(Records contained in a dataset)

######

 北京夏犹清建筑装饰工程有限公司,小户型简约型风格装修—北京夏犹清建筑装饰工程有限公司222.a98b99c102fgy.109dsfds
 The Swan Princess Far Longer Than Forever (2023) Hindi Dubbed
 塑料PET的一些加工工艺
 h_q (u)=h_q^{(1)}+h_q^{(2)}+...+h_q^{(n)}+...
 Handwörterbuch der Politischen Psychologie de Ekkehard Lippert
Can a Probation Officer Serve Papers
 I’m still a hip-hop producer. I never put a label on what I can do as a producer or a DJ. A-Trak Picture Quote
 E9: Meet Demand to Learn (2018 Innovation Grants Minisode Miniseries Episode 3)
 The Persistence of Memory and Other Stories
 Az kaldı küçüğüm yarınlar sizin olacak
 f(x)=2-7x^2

######

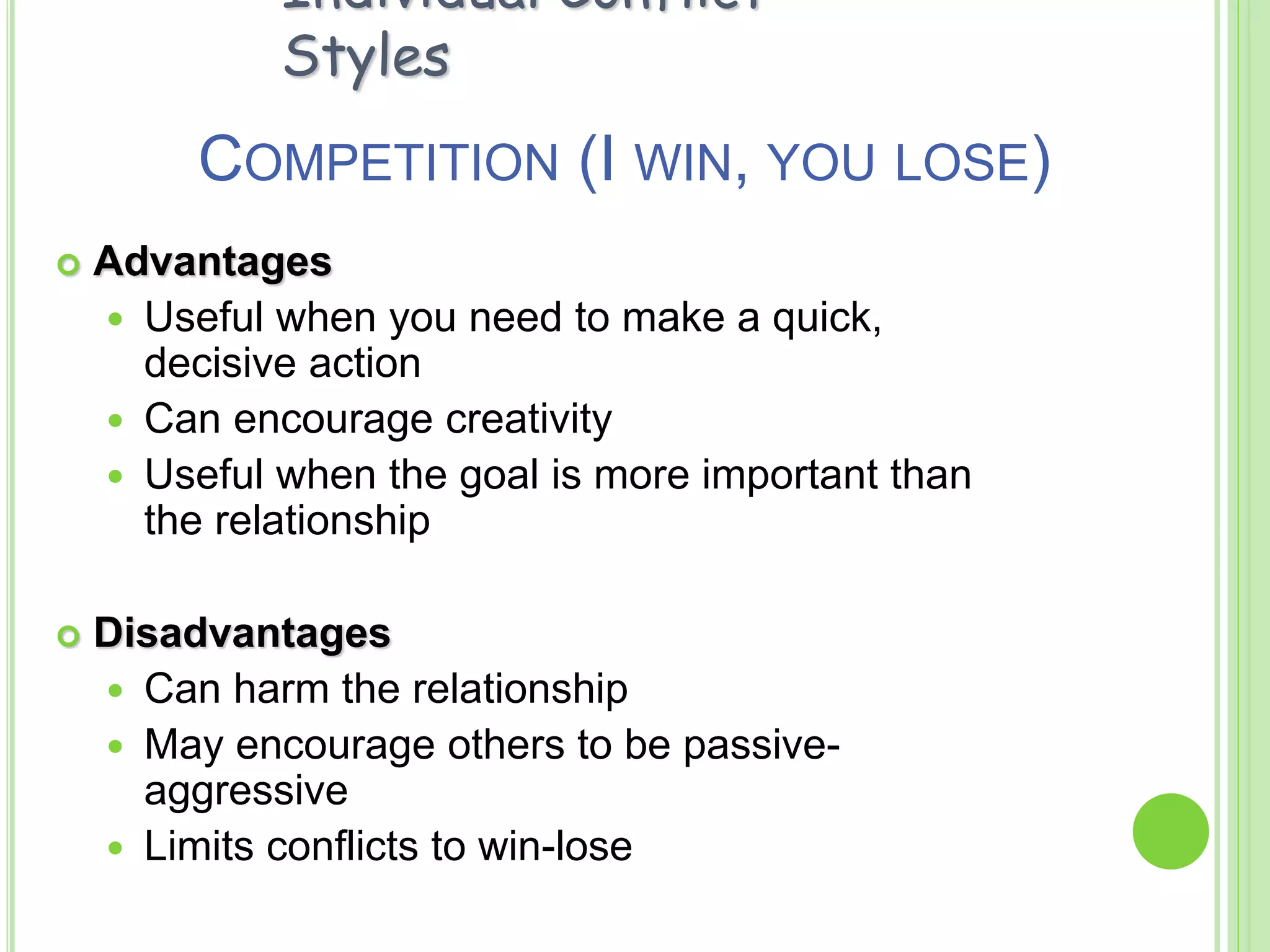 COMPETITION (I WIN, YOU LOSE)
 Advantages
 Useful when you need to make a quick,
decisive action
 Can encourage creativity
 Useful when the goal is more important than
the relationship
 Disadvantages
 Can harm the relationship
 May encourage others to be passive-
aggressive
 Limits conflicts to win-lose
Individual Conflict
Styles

######

All lines of the data above that include the word "Useful" must be shown.

* _Task result_
 Useful when you need to make a quick,
 Useful when the goal is more important than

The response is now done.